DATASET:
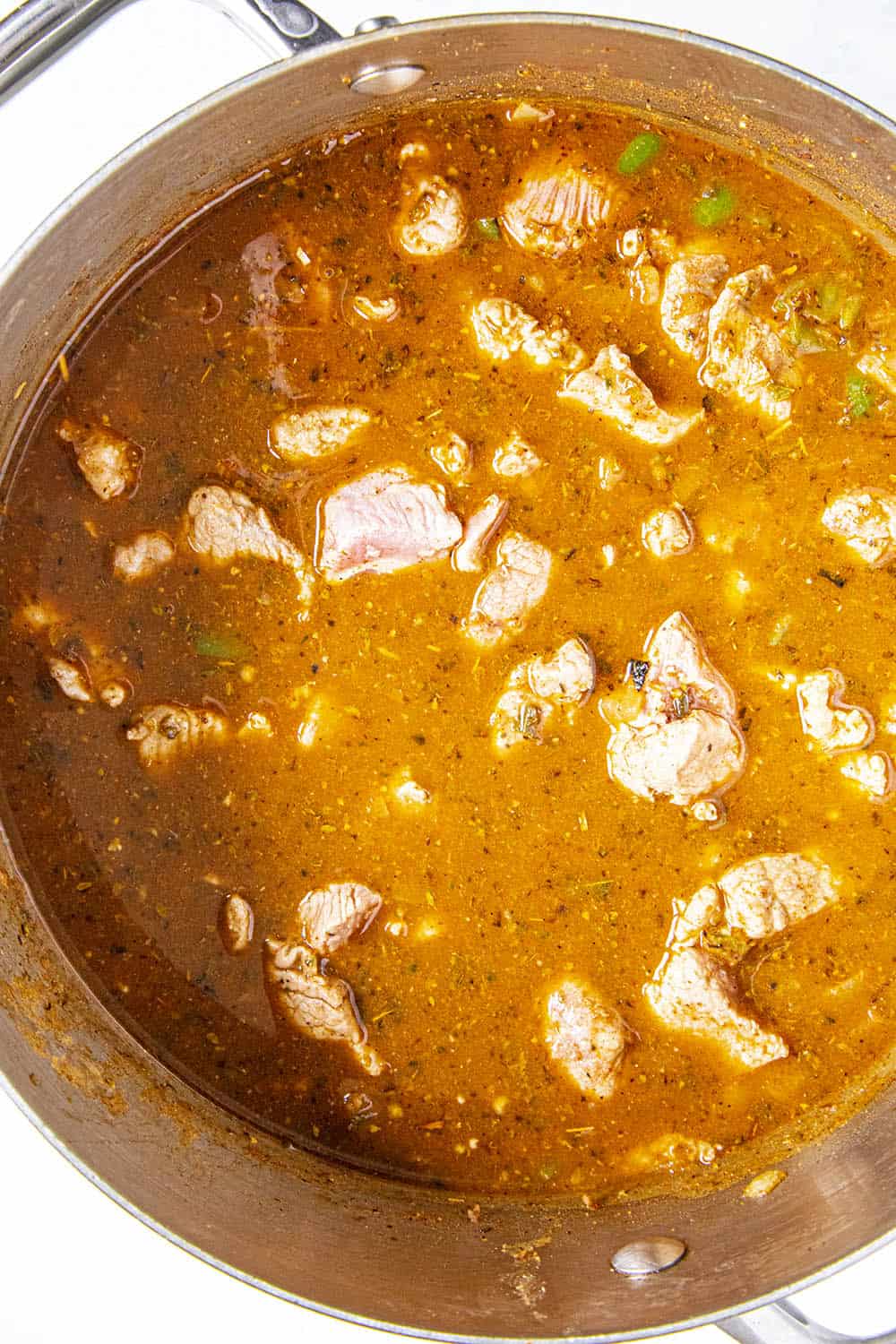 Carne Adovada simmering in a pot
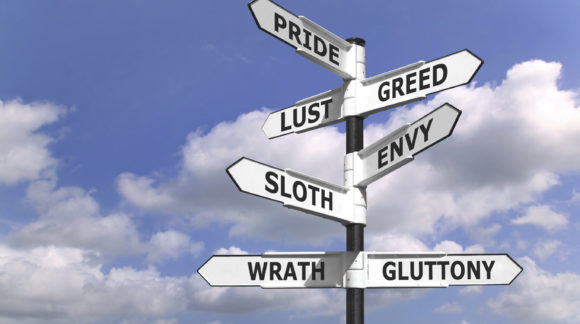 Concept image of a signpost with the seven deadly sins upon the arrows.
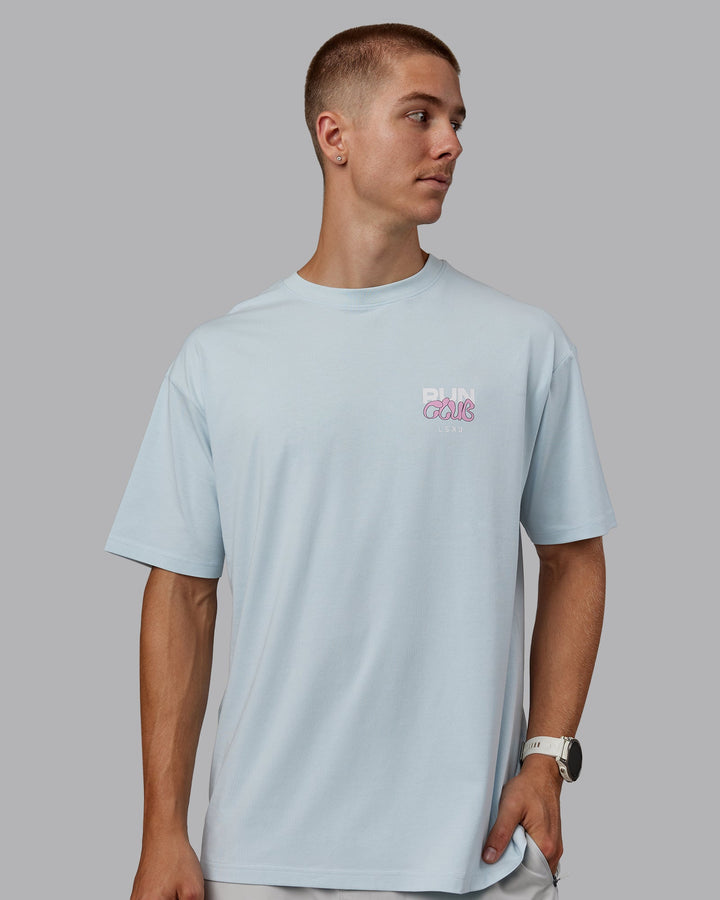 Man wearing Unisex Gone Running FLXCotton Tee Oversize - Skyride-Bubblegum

--

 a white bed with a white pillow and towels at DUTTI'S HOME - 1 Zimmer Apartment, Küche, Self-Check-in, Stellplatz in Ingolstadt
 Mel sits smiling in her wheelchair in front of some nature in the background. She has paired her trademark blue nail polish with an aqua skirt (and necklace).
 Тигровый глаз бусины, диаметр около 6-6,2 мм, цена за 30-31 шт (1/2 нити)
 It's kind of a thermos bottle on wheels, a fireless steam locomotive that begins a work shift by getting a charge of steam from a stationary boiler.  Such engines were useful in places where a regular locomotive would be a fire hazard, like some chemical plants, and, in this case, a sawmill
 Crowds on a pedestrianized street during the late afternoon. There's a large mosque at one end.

* * *

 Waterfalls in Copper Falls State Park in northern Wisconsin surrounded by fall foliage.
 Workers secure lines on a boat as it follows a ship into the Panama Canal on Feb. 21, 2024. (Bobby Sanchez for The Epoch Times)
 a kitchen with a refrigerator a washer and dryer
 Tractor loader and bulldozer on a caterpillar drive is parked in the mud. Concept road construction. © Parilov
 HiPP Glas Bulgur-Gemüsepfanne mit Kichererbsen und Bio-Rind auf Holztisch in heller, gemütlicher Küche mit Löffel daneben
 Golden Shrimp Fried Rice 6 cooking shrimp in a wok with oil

EXERCISE DETAILS: Give an exact copy of the lines above from the line with "Workers secure lines" up to and including the line with "Tractor loader and", and leave everything else out.

EXPECTED ANSWER:
 Workers secure lines on a boat as it follows a ship into the Panama Canal on Feb. 21, 2024. (Bobby Sanchez for The Epoch Times)
 a kitchen with a refrigerator a washer and dryer
 Tractor loader and bulldozer on a caterpillar drive is parked in the mud. Concept road construction. © Parilov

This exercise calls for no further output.